TASK BRIEF
Find the line with "Day 3. I lighten" in the entries below. Repeat it, every following line, and the line with "Then attach the", exactly and with nothing added.

INFORMATION

╔══

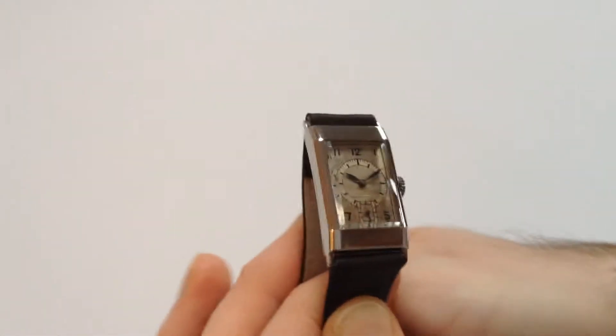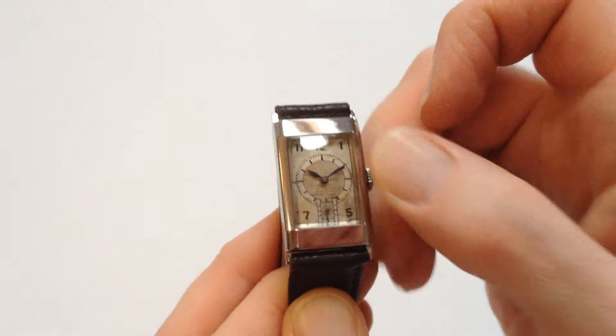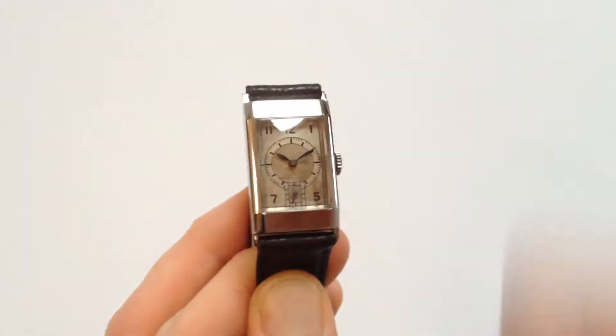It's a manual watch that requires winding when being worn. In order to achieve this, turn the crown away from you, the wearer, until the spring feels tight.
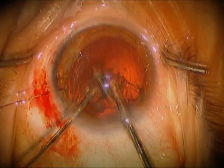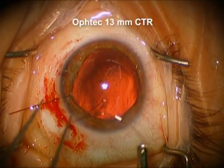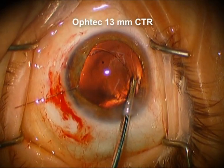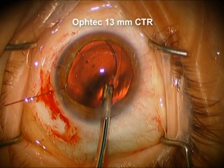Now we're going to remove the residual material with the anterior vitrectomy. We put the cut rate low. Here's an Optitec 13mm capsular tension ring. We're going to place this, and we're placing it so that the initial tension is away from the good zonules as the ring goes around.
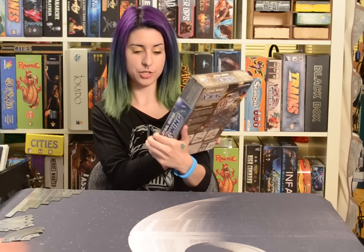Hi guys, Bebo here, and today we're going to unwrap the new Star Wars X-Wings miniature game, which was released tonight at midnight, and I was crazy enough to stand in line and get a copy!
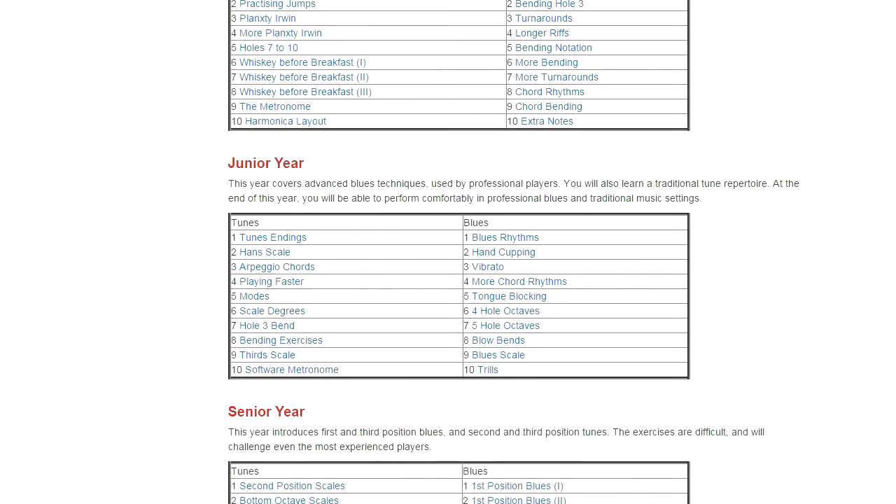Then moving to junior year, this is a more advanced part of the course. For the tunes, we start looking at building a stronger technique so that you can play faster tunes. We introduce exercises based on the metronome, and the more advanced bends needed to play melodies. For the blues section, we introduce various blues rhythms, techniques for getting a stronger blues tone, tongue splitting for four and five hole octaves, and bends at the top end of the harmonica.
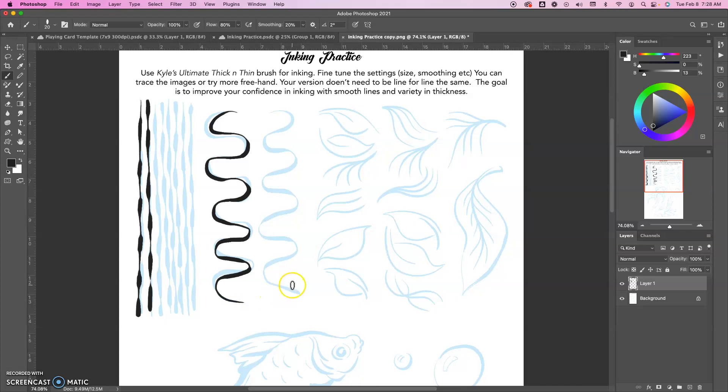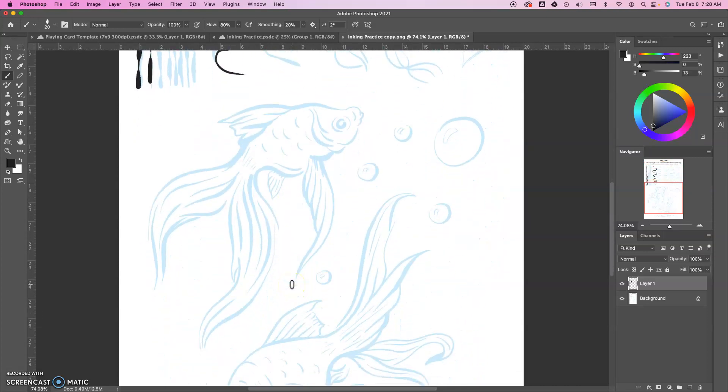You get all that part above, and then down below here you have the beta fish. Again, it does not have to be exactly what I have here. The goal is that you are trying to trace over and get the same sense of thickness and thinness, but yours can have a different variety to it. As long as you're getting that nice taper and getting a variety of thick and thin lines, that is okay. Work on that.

╚══
╔══

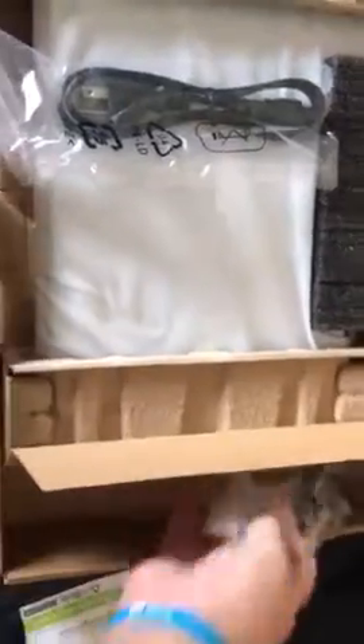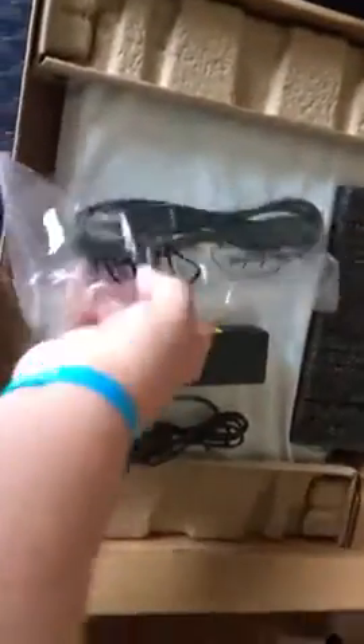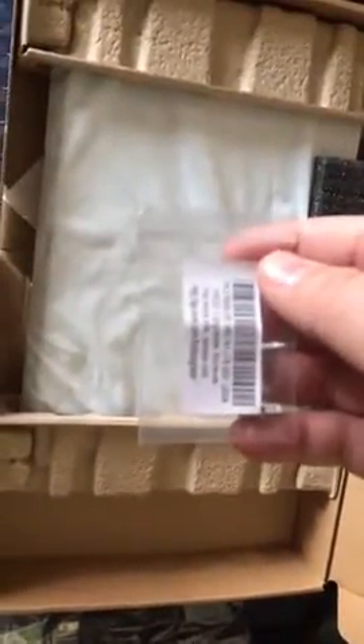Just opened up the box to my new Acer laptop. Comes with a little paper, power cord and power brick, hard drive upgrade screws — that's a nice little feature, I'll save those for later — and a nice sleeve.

╚══
╔══

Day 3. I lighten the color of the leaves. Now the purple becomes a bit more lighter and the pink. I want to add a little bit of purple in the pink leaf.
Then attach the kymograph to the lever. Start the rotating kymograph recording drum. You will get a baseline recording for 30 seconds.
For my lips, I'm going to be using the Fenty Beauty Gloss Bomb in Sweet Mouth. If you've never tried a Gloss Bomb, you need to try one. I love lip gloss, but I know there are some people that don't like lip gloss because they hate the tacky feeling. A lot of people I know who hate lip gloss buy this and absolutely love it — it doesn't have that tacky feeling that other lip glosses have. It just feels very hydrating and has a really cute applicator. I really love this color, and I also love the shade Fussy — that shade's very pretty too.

╚══

ANSWER BOX
Day 3. I lighten the color of the leaves. Now the purple becomes a bit more lighter and the pink. I want to add a little bit of purple in the pink leaf.
Then attach the kymograph to the lever. Start the rotating kymograph recording drum. You will get a baseline recording for 30 seconds.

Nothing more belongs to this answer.